The Mudcat Café TM
Thread #58512   Message #931281
Posted By: Don Firth
11-Apr-03 - 02:33 PM
Thread Name: BS: Chiropractic
Subject: RE: BS: Chiropractic
Chiropractic theory and practice has long since been justified in the larger world of patient satisfaction. And it has been justified to many insurance companies because 1) it does the job, and 2) it costs far less than comparable medical treatment for the same condition. Many State Industrial Insurance agencies have found that it returns people to the job far faster and with less cost than comparable medical treatment (i.e., half a dozen chiropractic adjustments and a few days rest as opposed to putting someone's spine in traction for a couple of weeks, or putting them in a back-brace and feeding them pain-killers for the rest of their lives). If you insist, I can provide a deluge of statistics on this, provided by insurance companies and state government agencies.

I know of no independent, unbiased scientific investigation that has ever been done on chiropractic. There have been a number of "scientific investigations" by members of the medical profession, all of which conclude that chiropractic is ineffective at best and quackery at worst.

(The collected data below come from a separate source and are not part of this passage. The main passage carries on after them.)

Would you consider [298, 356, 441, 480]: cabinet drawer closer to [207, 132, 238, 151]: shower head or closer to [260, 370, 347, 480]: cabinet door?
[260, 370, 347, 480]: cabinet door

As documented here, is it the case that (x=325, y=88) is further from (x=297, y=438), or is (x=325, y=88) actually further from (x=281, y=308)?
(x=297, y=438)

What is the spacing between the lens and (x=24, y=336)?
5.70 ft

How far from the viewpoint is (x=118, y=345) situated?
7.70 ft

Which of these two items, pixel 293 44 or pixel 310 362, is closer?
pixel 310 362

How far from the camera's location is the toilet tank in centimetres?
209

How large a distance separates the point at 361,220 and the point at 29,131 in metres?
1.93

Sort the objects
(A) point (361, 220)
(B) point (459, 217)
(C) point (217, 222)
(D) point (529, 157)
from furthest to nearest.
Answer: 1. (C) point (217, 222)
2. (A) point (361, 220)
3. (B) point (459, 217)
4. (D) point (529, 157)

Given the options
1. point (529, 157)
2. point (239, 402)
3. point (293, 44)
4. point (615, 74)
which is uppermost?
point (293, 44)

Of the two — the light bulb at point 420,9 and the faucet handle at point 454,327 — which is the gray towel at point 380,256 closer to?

One such "investigation" established that it is impossible to adjust a spine. The method? The researchers placed a 500 lb. weight on a vertebra of a cadaver's spine and it wouldn't move. Ergo, chiropractic is pure hokum. A properly give chiropractic adjustment relies on the reflex action of living muscles. Of course it wouldn't work on a cadaver. Any more than poking pills down the throat of a cadaver will cure it of much of anything. Besides, there are millions of people walking around (usually a little straighter than they did when they first walked into a chiropractor's office) who are living proof that chiropractic works.

No. I would like very much to see a good, unbiased scientific investigation of chiropractic. But so far, there has never been one performed by any agency that didn't have it's own ax to grind.

That's rather like expecting MacDonald's to endorse Burger King.